[Has spoilers]
Winston Churchill had once said about Russia, “It is a riddle, wrapped in a mystery, inside an enigma”.
The Red Rose, (a scene-by-scene remake of a Kamal Hassan and Sridevi Tamil movie) is a Russia, wrapped in Russia, inside a Russia, so convoluted and complex it is, with its nested riddles, mysteries and enigmas.
Is Red Rose, with its themes of perversion, voyeurism, gratuitous gore, sexuality, verdant chest-hair and mammaries (only Om Shivpuri’s is shown) , an Indianized tribute to the Japanese pinku eiga or the Hong Kong Cat III or the Giallo genre of Italy?
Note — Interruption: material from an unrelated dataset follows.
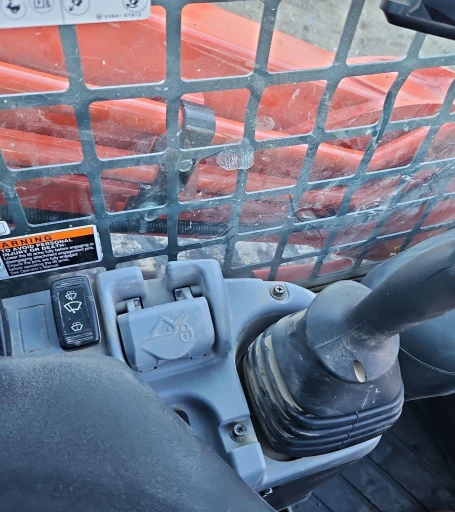 2022 Kubota SVL97-2 tracked skid steer loader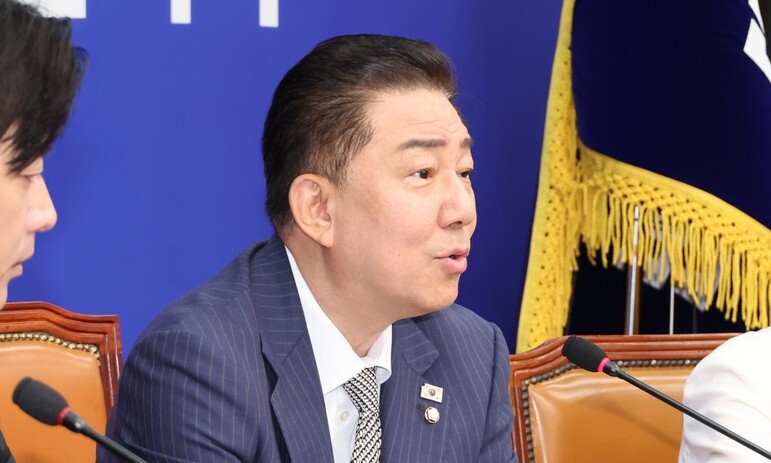 김병기 더불어민주당 대표 직무대행 겸 원내대표가 2일 국회에서 열린 최고위원회의에서 발언하고 있다. 연합뉴스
Is Red Rose about random props that prop up at random places? A naked bust of a woman on the table of the CEO. A gigantic mermaid. A rotatory telephone that lets out orgasmic dial-tones. A creepy musical cigarette case. An entrance to a house shaped like the mouth of a lion. A blood-eating pussy cat. A knife stand stocked with the murderer’s knives but which has Love One Another written on it. A library full of “waisi kitabein” (the kind that makes Rajesh Khanna’s wife played by Poonam Dhillon go teee-heee) that include books with names like “Sex Energy”. A snarling lion-toy controlled by a remote controller connected to the toy by a wire.
Is Red Rose an alternate history re-imagining of Rajesh Khanna’s Anand, since Rajesh Khanna’s character here is named Anand, a serial killer who records his acts of sex and violence on film and then writes down details on the walls, which is about as much of an anti-matter opposite as you can imagine of the happy-go-lucky terminally ill Anand, one a lover of life and the other an angel of death?
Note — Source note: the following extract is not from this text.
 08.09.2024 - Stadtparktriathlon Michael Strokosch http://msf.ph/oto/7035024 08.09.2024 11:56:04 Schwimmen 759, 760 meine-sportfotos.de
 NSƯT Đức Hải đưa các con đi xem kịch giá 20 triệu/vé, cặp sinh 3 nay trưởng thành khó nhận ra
Is Red Rose about brassieres? In one of the film’s opening sequences, a servant-boy goes into Rajesh Khanna’s bedroom. The first thing he sees is a black pussy (cat) and a discarded brassiere, lying on Rajesh Khanna’s bed. Rajesh Khanna (Anand) is there too with covers drawn over his bare-torso enough to reveal an abundance of lush black chest vegetation. The viewer immediately wonders whose bra it is, given that there is no woman on the bed. Is the bra then the pussy-cat’s which might imply that Rajesh Khanna had a night of passionate loving with Minerva MacGonagall, whose animagus all Harry Potter fans will recall is a pussy cat? Before your mind can solve the origin of the bra, the camera focuses on it again, as well as the servant boy’s aroused eyes, leaving you in no doubt as to that bra being a rather significant element of the sequence.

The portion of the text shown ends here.